= Ragen Moss =

Visual artist

Ragen Moss (born 1978) is a visual artist based in Los Angeles. She has exhibited in the United States and Europe.

==Education==

Moss received a Bachelor of Arts degree in Art History from Columbia University in 2000. She received a Juris Doctor degree from UCLA in 2005 and a Master of Fine Arts degree from the University of California Los Angeles in 2012.

==Work==

Moss' sculptural work is made from layered transparent polyethylene forms that are embedded with paint that roughly resemble biomorphic human shapes. A review in The New York Times described her work as being "concerned with the body and how it functions within society." Moss had work included in the 2019 Whitney Biennial. Some of her works include texts, such as "manipulative deceptive device or contrivance" which directly refers to insider trading violations.

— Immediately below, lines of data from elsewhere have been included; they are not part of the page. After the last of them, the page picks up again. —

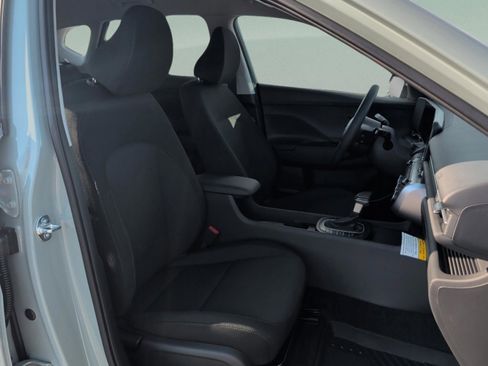 New 2026 Hyundai Kona SE image 28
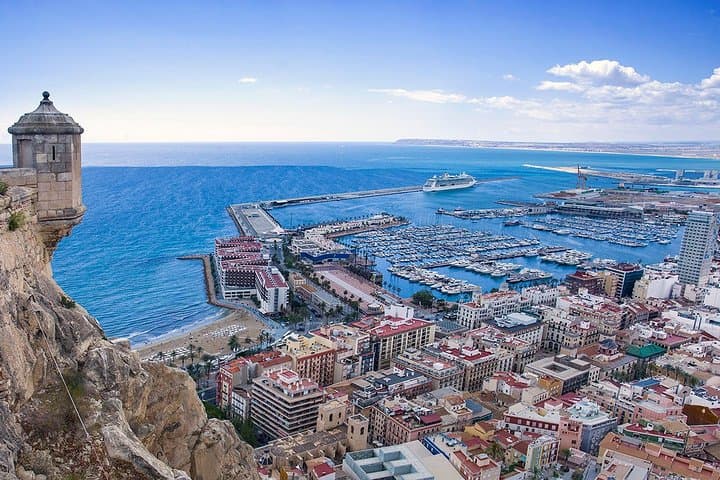 Private Transfer from Alicante–Elche (ALC) Airport to Villena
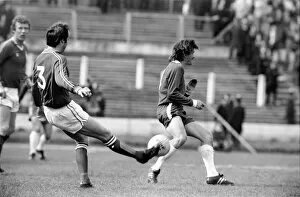 Images Dated 17th April 1977: Football: Chelsea vs. Nottingham Forest. April 1977 77-02166-042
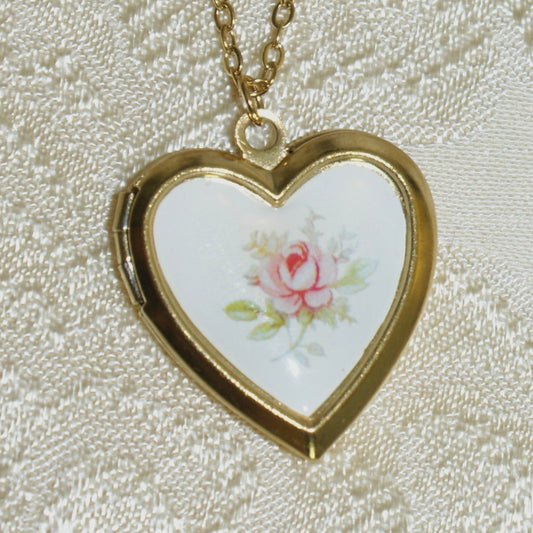 rose garden locket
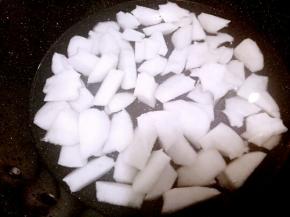 先把梨块放入锅中，倒入清水煮开。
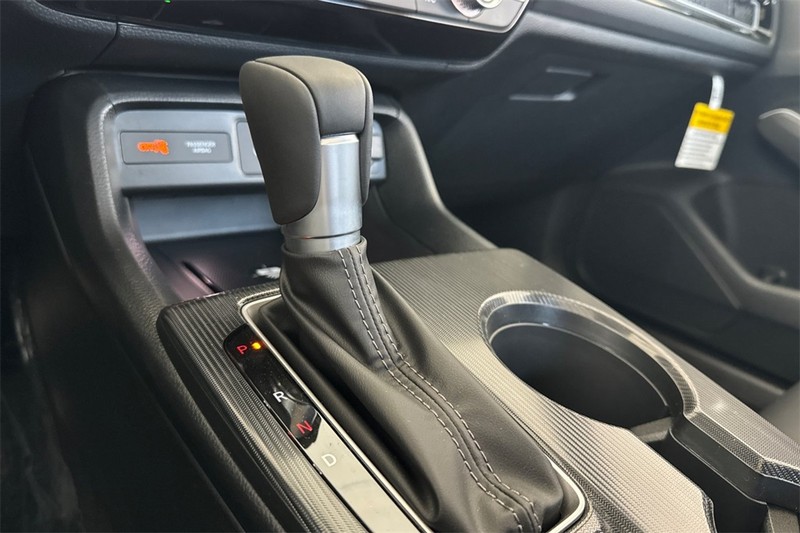 Honda Civic Hatchback Hybrid Vehicle Full-screen Gallery Image 18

In 2021, Moss contributed to Art Basel Unlimited with her work "Humane Imagination", consisting of 10 new sculptures that reflect upon the potential of the human mind.

Moss' most recent exhibition, titled CONSPIRE, was presented in Berlin. The installation consisted of seven hanging bulbous sculptures made of painted polyethylene paired with seven glass and metal canisters in which actual flames burn.

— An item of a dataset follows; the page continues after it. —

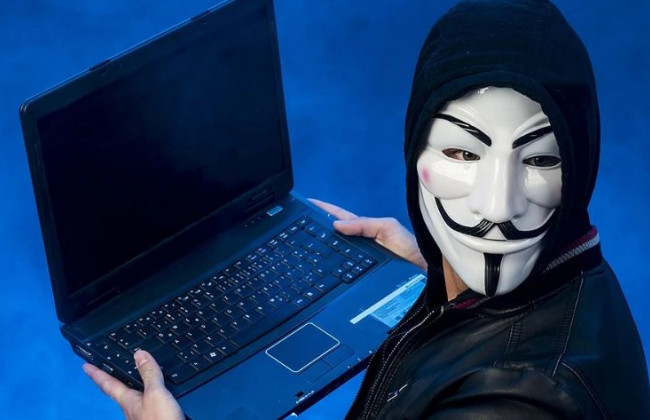 Видають себе за працівників НАЗК: українців попередили про шахраїв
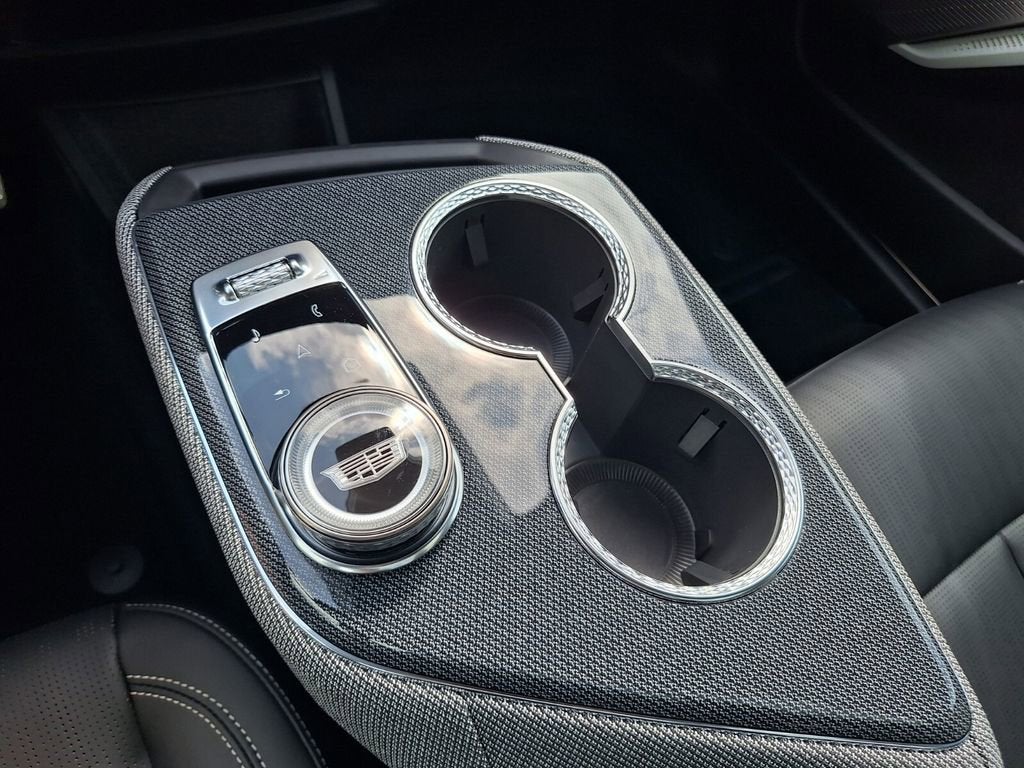 2026 Cadillac OPTIQ Premium Luxury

Moss' work was included in the exhibition, Day Jobs, at the Blanton Museum of Art. She works as a lawyer in her day job. She has spoken publicly on the ability of art to "perform specific and pointed work on Constitutional questions" including human rights and reproductive freedom.

==Collections==
Moss' work is held in the permanent collection of the Whitney Museum of American Art, and the Museum of Contemporary Art, Los Angeles.